This is achieved by selecting business capabilities and sub-capabilities that can be migrated completely to the cloud while minimising dependencies on the on-premises estate. As opposed to simply migrating applications, migrating capabilities allows an accurate calculation of revenues that the migrated capabilities generate on the cloud.

As a result, businesses can track margin gains on the cloud. With margins in perspective, any cost increases not explained by corresponding revenue increases point to processing inefficiencies as applications struggle to support business volumes. Margins, revenues and costs should be tracked over a moving window of a few weeks. This is because, with optimised applications, costs may show step changes while revenues show more gradual trends. This happens when processing volumes cross specified thresholds causing applications to scale horizontally resulting in step changes in cloud resource utilisation.

This principle also reignites the controversial conversation about the lift-and-shift migration approach.
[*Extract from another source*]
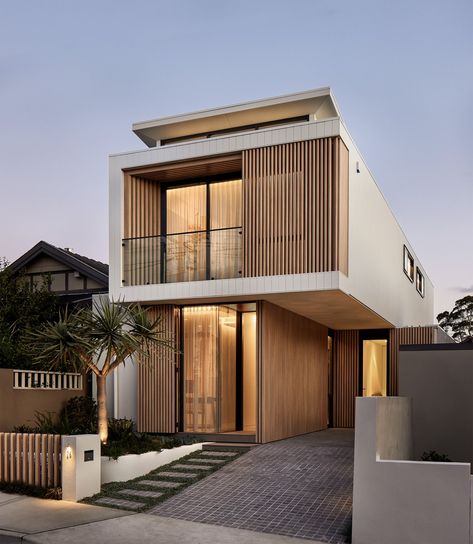 Residential interiors and architecture — Ryan Linnegar Photography Japandi Facade House, Japandi Building, Small Japandi House Exterior, Small Modern Minimalist House, Japandi Facade Design, Japandi House Facade, Japandi Home Exterior, Japandi Tiny House, Japandi Exterior House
Most cloud practitioners dismiss this approach because it fails to leverage the benefits that cloud technologies offer. However, if lift-and-shift can be achieved conveniently and without incurring substantial costs, it may be exercised as an initial migration step. This can result in the following interim benefits,

The migrated system will start generating revenues on the cloud fairly quickly.
The organisation can decommission the on-premises estate for savings there.
Because of provisioning flexibility, the infrastructure supporting this system on the cloud can be right-sized to further reduce costs.
Coarse grained vertical and horizontal scaling can be exercised to accommodate increased business volumes if the original system design permits it. However, margin gains here may not be fully optimised.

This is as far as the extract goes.